In his column from yesterday, Klapisch wrote this:
"Just how close was Manuel to getting fired this weekend? The machinery was at least in the preparatory stages. Bob Melvin, who’s been scouting for the Mets this season, was in attendance at Citi Field all weekend"
I am sure, if the Mets had been swept, Manuel would have found himself out a job. If they had dropped two of three, I think maybe he would have been given the Phillies series to save his butt and then it would have been sayonara Jerry. But to his credit, the Amazins’ continue to play hard for Manuel and show fight every game. During this series, it manifested itself more in the idea that they fought hard to hold off furious Yankee comebacks Saturday and Sunday night. Granted this was a scuffling, injury-plagued Yankees bunch, but beating Phil Hughes and CC Sabathia on consecutive nights was no small feat.
Since more often than not, I focus on the negatives surrounding this team (and there were certainly some negatives in this series), I’m going to take a different tack here and rattle off some of the positives arose from this series.
Jason Bay is scorching hot. His two homers off Sabathia on Sunday topped off a wildly successful 4-game stretch during which Bay went 10-15, with a whopping eight runs scored. He is a noted streaky player and it is clear he is in the midst of one of those blazing runs.
Jose Reyes appears to be emerging from his season-long slump.

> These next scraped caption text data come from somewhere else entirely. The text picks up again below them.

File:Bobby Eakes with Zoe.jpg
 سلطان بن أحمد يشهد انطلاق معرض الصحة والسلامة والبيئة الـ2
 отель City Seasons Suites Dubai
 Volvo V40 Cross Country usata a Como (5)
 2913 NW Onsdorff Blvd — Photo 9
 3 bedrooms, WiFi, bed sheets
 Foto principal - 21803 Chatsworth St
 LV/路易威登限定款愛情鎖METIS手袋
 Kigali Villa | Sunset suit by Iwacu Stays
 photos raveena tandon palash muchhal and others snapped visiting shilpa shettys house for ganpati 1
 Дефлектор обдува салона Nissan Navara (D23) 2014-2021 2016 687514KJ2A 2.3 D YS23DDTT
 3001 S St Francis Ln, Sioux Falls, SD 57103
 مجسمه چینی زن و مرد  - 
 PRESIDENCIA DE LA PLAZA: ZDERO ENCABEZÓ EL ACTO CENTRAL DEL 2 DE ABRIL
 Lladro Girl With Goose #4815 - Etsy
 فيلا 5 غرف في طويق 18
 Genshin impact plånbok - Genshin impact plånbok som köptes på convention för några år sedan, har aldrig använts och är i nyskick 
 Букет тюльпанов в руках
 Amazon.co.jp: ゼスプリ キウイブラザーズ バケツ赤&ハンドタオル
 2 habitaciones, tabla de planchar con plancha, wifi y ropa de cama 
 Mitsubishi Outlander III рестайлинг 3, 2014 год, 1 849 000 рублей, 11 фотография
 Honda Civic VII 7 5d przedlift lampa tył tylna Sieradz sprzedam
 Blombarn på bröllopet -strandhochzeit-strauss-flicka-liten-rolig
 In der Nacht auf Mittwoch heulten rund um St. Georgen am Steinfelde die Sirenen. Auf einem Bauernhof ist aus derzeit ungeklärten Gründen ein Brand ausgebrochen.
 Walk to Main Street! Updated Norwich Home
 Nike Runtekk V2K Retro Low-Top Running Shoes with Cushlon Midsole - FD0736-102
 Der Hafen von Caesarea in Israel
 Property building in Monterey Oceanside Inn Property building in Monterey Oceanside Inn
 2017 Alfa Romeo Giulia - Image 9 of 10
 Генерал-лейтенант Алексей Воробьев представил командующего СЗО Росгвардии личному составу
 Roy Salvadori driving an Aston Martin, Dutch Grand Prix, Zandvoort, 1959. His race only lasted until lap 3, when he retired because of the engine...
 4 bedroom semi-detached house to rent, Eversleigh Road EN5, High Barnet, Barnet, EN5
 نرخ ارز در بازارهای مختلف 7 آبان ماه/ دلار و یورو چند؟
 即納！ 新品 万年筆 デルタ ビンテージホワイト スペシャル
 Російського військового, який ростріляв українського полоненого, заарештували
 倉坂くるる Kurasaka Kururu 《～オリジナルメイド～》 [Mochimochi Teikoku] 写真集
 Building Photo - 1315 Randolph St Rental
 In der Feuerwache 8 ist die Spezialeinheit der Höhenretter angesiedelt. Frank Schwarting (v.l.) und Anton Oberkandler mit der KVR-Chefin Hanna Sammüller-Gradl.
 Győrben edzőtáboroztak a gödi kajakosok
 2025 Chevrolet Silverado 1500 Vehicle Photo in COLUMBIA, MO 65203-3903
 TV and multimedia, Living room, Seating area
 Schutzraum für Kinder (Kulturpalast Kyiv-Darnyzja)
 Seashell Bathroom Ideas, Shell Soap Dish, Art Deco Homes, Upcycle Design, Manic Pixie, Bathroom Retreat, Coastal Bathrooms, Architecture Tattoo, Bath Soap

After missing all of spring training and the first 4 games of the season, it was almost as if Reyes’ first 6 weeks were like his spring training. With tonight’s three-hit explosion against the Phils, Reyes now has multiple hit efforts in 4 of his last 5 games. There have been more numerous instances of “Reyes runs”, including tonight’s first-inning chain of events (single, advance on a sac bunt, stealing third, scoring on a ground ball to shortstop). It goes without saying, as goes Reyes, so goes the Mets offense.
John Maine and Oliver Perez were nowhere to be found in the Mets starting rotation in the three-games vs.the Yanks and that is a damn good thing. If you’ve read any of what I’ve had to say over the past few months, you know how rotten I think those guys are. On Friday, Hisanori Takahashi showed those two mental misfits how a real professional starting pitcher goes about his business. My wish is to never see either of those two take the mound in a starting capacity for the Mets ever again.
So this topsy turvy season continues with Mets once again reaching the .500 mark at 23-23. This time though, due to the extremely positive developments which I outlined above, I am a bit more optimistic this team full of grit and heart (did I really just say that?) is going to stick around for awhile, it appears with Jerry Manuel steering the ship.